Your assignment: Wherever a picture appears in the listing below, leave it out and reproduce the rest exactly.

=== Begin Enclosure ===

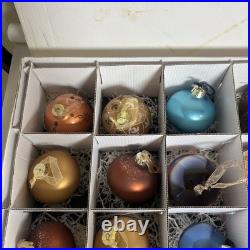 Frontgate Christmas Ornament Set Multi-Crystal, Hand-Painted Glass 20 Pieces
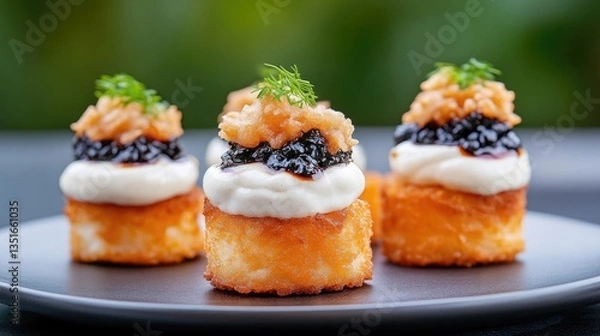 Obraz Creamy, crispy bites topped with caviar and herbs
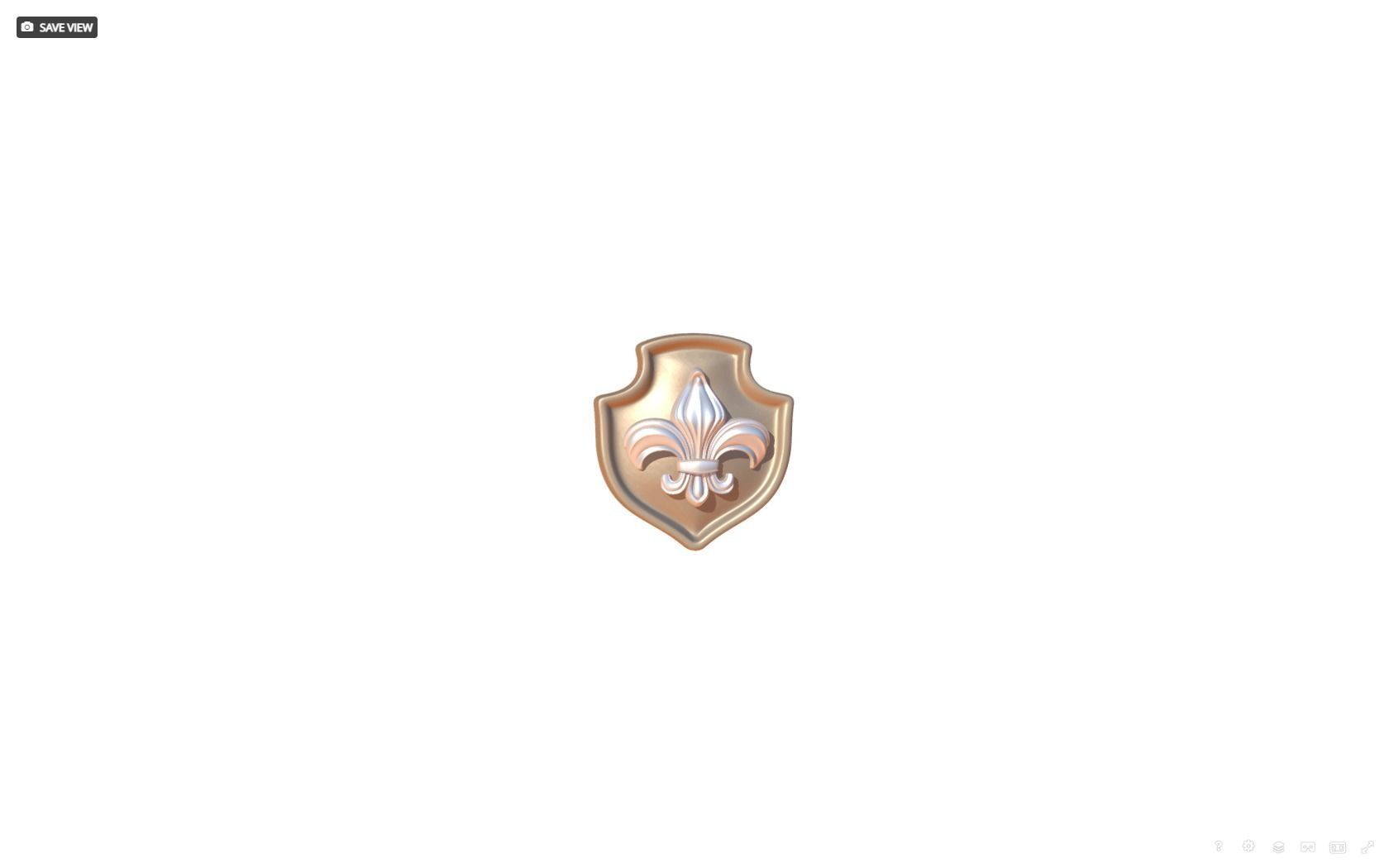 Brooch Shield Fleur de lis 3D print model_29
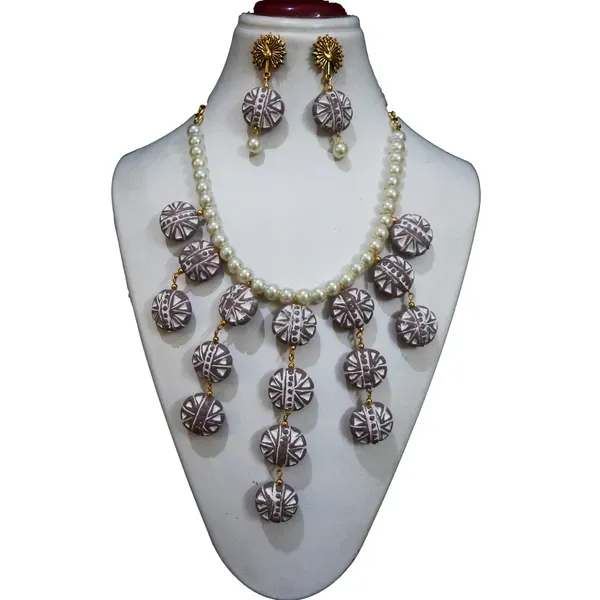 Brown_Clay_With_Synthetic_Pearl_Beads_Choker_Necklace_For_Women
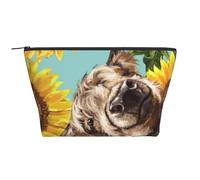 Highl E Mucca Con I Girasoli, Borsa da toilette Borsa per trucco Borsa per cosmetici Borsa da toilette da viaggio portatile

=== End Enclosure ===

Answer to the exercise:
 Frontgate Christmas Ornament Set Multi-Crystal, Hand-Painted Glass 20 Pieces
 Obraz Creamy, crispy bites topped with caviar and herbs
 Brooch Shield Fleur de lis 3D print model_29
 Brown_Clay_With_Synthetic_Pearl_Beads_Choker_Necklace_For_Women
 Highl E Mucca Con I Girasoli, Borsa da toilette Borsa per trucco Borsa per cosmetici Borsa da toilette da viaggio portatile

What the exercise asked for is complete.